2. "Is it a skill that can be used across languages?"  I'm not sure what you mean here. Any language can be analysed but if you attempt to take the analytical tools of one language and apply them to another (as has been done in this thread) look at the mess that you get into ! (with no final solution). 

3.  It all depends on your ultimate goals.  If you're a linguist by profession, analyzing languages is the bread and butter of your profession.  If you simply want to learn to read, write and speak another language, a linguistic analysis is an approach you should avoid.  You must know the "basics", of course (you can learn the "basic" grammar of any language in 3-6 months tops), but anything beyond that, is unnecessary, in my opinion.  This is particularly true in a language such as Arabic where there is a stark "diglossia".  How many times have you learned a linguistic "truism" for MSA, for example, only to find out later that in the dialects, that "truism" is simply unused or used entirely differently, or doesn't exist, or is the complete opposite,  etc.?

4.  Translation is another world entirely.  A linguist is usually the worst translator ultimately because he approaches language as a static object, whereas it is really the most dynamic of things with which we face the world.  What appears to be the case via an analysis of a text so often turns out to be nothing more than a theoretical interpretation which has little to do with the true meaning of the text.

Just my point of view, of course.


----------



## Mighis

visual1ce said:


> Personally I couldn't understand how the 'aml was genitive but I think that is perhaps because I don't know what majroor is. But the lam being a preposition definitely makes sense to me; like fa it is an easily recognisable preposition prefix.


I'm sorry if I caused you any confusion. I checked it further and for example English wiki mentions:
The Semitic genitive should not be confused with the pronominal possessive suffixes that exist in all the Semitic languages

e.g.
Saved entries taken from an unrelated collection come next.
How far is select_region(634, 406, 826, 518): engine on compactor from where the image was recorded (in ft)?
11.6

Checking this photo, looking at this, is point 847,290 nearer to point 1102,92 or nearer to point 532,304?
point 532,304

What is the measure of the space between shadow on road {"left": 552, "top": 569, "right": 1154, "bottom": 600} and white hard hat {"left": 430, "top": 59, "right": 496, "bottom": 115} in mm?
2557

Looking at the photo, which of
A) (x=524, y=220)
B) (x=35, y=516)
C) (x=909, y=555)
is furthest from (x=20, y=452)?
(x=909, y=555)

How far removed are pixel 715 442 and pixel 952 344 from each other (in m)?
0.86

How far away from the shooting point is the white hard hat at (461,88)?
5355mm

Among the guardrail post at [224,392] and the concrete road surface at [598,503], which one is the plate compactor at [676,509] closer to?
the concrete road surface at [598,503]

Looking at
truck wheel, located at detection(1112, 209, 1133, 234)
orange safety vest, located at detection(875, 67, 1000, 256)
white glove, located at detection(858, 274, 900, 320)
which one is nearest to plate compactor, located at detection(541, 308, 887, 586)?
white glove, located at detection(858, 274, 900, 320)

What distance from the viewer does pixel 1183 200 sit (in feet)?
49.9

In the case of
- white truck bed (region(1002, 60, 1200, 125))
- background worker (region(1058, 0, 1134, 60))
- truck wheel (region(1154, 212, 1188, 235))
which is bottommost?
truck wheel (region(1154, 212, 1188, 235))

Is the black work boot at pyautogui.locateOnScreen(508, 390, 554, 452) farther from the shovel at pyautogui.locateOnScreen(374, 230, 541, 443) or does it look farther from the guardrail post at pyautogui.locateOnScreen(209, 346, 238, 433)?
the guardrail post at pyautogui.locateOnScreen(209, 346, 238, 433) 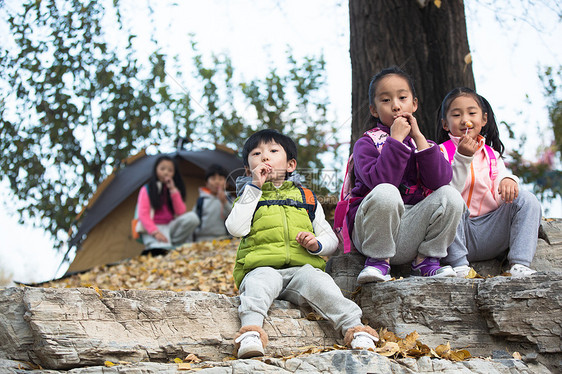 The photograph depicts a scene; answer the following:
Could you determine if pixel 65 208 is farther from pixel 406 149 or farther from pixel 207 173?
pixel 406 149

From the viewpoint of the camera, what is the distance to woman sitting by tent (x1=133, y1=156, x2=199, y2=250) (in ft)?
26.1

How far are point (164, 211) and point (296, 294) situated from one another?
4.96 m

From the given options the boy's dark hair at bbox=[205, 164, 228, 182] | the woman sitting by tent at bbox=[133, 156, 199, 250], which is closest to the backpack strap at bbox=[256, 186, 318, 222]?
the woman sitting by tent at bbox=[133, 156, 199, 250]

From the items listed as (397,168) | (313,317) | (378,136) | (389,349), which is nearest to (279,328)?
(313,317)

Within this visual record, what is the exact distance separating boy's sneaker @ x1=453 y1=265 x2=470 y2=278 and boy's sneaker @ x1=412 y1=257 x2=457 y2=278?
73 millimetres

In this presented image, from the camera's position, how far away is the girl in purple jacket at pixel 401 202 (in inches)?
140

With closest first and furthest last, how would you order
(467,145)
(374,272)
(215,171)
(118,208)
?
(374,272) → (467,145) → (215,171) → (118,208)

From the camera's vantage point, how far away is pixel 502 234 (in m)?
3.85

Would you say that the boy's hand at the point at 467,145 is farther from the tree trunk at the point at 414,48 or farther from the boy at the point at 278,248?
the tree trunk at the point at 414,48

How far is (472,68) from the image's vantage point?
16.9 ft

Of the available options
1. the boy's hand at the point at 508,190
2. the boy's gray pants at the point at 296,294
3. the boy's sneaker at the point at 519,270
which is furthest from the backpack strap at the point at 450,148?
the boy's gray pants at the point at 296,294

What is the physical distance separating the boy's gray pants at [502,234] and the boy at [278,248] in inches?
30.7

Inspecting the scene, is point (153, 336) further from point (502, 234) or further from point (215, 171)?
point (215, 171)

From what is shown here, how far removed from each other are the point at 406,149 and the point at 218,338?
1467mm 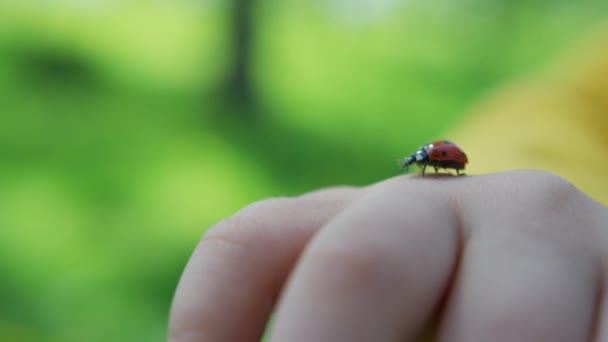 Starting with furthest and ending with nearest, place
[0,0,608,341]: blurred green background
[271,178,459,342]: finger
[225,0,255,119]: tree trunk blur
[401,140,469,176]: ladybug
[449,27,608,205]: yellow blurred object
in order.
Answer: [225,0,255,119]: tree trunk blur → [0,0,608,341]: blurred green background → [449,27,608,205]: yellow blurred object → [401,140,469,176]: ladybug → [271,178,459,342]: finger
Arabic بيتي _bayt-ī_ (my house) كتابك _kitābu-ka_ (your [masc.] book).


----------



## visual1ce

No worries - it's all good  Really fortunate to have such a great resource with so many willing to help out. All of you - thank you.

Right now I'm just going to concentrate on learning the language and the necessary grammar along the way.


----------



## Mighis

visual1ce said:


> Right now I'm just going to concentrate on learning the language and the necessary grammar along the way.
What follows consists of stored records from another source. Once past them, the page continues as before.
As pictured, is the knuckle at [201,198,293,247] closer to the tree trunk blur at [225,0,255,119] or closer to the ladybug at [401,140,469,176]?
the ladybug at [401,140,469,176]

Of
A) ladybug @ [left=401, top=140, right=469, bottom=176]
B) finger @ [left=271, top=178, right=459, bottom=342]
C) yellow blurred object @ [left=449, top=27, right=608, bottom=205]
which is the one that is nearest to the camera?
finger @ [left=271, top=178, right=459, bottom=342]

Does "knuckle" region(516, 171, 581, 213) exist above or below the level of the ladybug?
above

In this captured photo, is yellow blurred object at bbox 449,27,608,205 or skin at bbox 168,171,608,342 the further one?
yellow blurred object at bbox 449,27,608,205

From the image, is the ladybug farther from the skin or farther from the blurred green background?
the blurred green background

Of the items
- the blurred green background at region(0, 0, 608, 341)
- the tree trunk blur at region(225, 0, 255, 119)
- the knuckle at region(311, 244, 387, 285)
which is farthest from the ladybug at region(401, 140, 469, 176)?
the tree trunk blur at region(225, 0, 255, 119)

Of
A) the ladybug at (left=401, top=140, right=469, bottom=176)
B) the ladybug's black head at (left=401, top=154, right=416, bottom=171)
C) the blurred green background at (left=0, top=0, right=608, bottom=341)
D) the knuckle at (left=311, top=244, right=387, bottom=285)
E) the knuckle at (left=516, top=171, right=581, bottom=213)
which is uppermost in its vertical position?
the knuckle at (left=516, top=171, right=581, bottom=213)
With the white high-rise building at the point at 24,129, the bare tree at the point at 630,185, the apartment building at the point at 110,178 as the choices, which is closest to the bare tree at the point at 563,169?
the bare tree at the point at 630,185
That's a very good decision.

Going back to your first question where you asked: is عملي an adj. ?
In that sentence not but in other constituents might be.
عملي can be a noun or an adj. and it can also be an adverb.
هذا عملي this is my work.
هذا عملي this is practical.
عمليا، هذا جيد this is practically good.


----------



## إسكندراني

There is a difference between عمل+ـي (iDAAfa) and عمل+يّ (practical).


----------